Father then filed a petition for a judgment notwithstanding the verdict or, in the alternative, a new
trial arguing that since both parents had custody of one child and had similar earning abilities, Father should
not have been required to make child support payments to Mother. Father also argued that he should not
have been ordered to pay the child support arrearage. The chancellor denied Father’s petition in February
2004.
¶7.
Aggrieved by the chancellor’s decision, Father appeals asserting that the chancellor erred in
modifying the original decree without creating a record.
DISCUSSION
¶8.
We need not recount the respective parties’ arguments because the inescapable fact of this appeal
is that the record contains neither a transcript of any proceedings in the trial court, nor any factual or legal
foundation for the chancellor’s decision to modify the original decree.
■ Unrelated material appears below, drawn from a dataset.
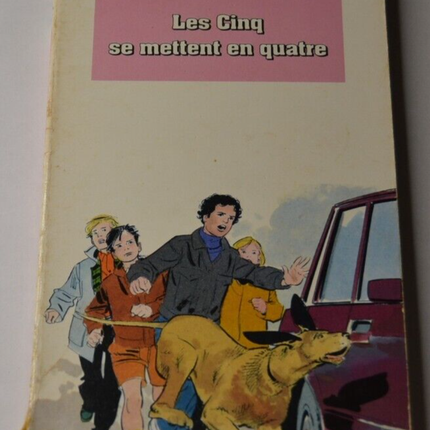 Die Fünffaltigkeit in Vier - Buch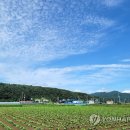 09-18-21(토).덕향의 아침산책.[우리말 바루기] 본음과 속음 이미지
As a result, we have no basis
whatsoever for determining whether the chancellor’s decisions regarding the issues of child custody and
payment of past and future child support were appropriate.
¶9.
Unif. Ch. Ct. R. 5.02 states that “[e]very [j]udgment shall adjudicate such facts as to show that the
[trial] court has lawful authority to render it.” Consistent with M.R.C.P. 52, Unif. Ch. Ct. R. 4.01 and 4.02
allow the chancellor to create either an oral or a written record at his discretion. However, these rules
require that if the chancellor opts for an oral opinion, it must be transcribed for the record. Regardless of
the form in which the chancellor issues his opinion, the rules clearly require that a record be made.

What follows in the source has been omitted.